Ethereum Devs Discuss Difficulty Bomb Delay – Trustnodes

Ethereum developers discuss whether to delay the difficulty bomb yet again with some arguing that it should be moved by another 3-4 months.

One of them said there shouldn’t be pressure for the sake of pressure, and some argued that “testnet deployments have been bumpy.”

The launch of the Ropsten testnet merge met some difficulties due to an artificial increase in its hashrate causing the launch time to be far sooner than expected.

“Given the low hash rate on Ropsten (and Sepolia), it is cheap for someone to increase it. On May 26th, someone did that and 20x’d the hash rate,” said Tim Beiko, an eth dev.

Rather than merge related testnet problems, however, that sounds more like someone playing games with a number of devs on the All Core Meeting saying this issue doesn’t reflect on the Merge.

But Tomasz Stańczak, the founder of the eth1 client Nethermind who pushed for delaying the difficulty bomb, argued that the shadoforks don’t tell much in reply to a dev stating they had gone well.

Stańczak instead said that the hive tests had shown “multiple failings” with no further detail provided.

Marius van der Wijden was of the view that a delay would mean another hardfork would need to be scheduled which requires community coordination. “We might lose some people if we schedule another delay,” he said.
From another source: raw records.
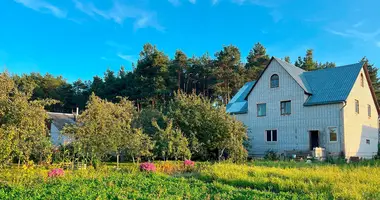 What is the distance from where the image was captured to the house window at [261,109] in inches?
988

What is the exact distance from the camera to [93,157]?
14.8 meters

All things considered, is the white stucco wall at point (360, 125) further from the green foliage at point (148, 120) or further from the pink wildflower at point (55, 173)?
the pink wildflower at point (55, 173)

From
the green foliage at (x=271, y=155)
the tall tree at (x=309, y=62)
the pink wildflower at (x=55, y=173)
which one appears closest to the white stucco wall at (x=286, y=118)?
the green foliage at (x=271, y=155)

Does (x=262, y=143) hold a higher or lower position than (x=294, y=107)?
lower

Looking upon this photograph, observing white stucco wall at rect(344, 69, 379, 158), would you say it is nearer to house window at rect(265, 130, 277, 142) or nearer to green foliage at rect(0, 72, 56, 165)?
house window at rect(265, 130, 277, 142)

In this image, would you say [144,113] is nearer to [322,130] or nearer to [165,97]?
[322,130]

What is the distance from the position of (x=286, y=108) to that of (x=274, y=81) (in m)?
2.26

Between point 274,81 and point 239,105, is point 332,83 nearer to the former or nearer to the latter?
point 274,81

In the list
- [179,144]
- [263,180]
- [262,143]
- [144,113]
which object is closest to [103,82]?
[144,113]

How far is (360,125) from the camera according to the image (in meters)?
23.9

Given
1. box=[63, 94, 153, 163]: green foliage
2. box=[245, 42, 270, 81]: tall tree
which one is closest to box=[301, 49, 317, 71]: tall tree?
box=[245, 42, 270, 81]: tall tree

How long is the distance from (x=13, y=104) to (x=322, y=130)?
18.4 meters

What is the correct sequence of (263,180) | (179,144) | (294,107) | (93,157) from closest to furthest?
(263,180) → (93,157) → (179,144) → (294,107)

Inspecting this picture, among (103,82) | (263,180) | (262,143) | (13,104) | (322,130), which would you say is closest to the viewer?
(263,180) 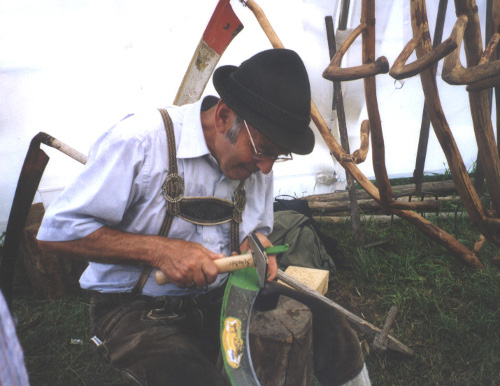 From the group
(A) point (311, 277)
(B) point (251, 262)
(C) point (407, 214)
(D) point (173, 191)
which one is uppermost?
(D) point (173, 191)

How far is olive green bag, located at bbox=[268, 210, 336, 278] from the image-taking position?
10.7ft

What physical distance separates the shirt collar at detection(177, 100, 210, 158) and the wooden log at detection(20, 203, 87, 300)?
2102 millimetres

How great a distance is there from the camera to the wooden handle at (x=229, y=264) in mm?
1458

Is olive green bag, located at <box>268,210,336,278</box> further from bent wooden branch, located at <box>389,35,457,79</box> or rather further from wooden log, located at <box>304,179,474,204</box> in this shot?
bent wooden branch, located at <box>389,35,457,79</box>

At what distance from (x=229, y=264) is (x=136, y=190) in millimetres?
514

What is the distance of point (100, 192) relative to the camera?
146 centimetres

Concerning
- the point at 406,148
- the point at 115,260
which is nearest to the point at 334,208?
the point at 406,148

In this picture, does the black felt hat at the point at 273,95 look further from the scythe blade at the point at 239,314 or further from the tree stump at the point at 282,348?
the tree stump at the point at 282,348

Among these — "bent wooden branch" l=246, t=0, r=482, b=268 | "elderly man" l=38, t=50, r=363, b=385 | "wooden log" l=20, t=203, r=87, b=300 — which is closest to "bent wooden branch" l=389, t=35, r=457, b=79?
"elderly man" l=38, t=50, r=363, b=385

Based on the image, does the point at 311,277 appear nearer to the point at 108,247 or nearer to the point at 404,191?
the point at 108,247

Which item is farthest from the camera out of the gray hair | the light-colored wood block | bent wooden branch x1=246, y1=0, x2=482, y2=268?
the light-colored wood block

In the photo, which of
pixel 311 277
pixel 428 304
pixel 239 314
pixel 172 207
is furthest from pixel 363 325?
pixel 172 207

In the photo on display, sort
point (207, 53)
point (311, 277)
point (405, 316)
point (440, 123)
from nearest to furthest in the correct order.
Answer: point (440, 123), point (405, 316), point (311, 277), point (207, 53)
He further argued that he is not seeing technical merits to the proposal to delay the difficulty bomb, and that teams should really strive to “hit the timelines we set ourselves.”

But an EIP will now be drafted to be discussed in the next call with it sounding like there’s some sort of consensus for a half-way delay of two months.

The difficulty bomb has not quite began moving yet as can be seen above, yet Stańczak argued block times will rise to 25 seconds in August.

Previously it has taken some months from the difficulty bomb kicking in to blocktimes rising anywhere near 30 seconds, and so it probably wouldn’t be until the end of September if not later.

A delay of two months would instead mean the difficulty bomb would start in early October, and so blocktimes would stay at 13 seconds through August and September.

Some take that difficulty bomb and its delay as the actual target date for the Merge, with Stańczak publicly stating prior to the call that he estimates the Merge “in the second half of October,” with August being optimistic.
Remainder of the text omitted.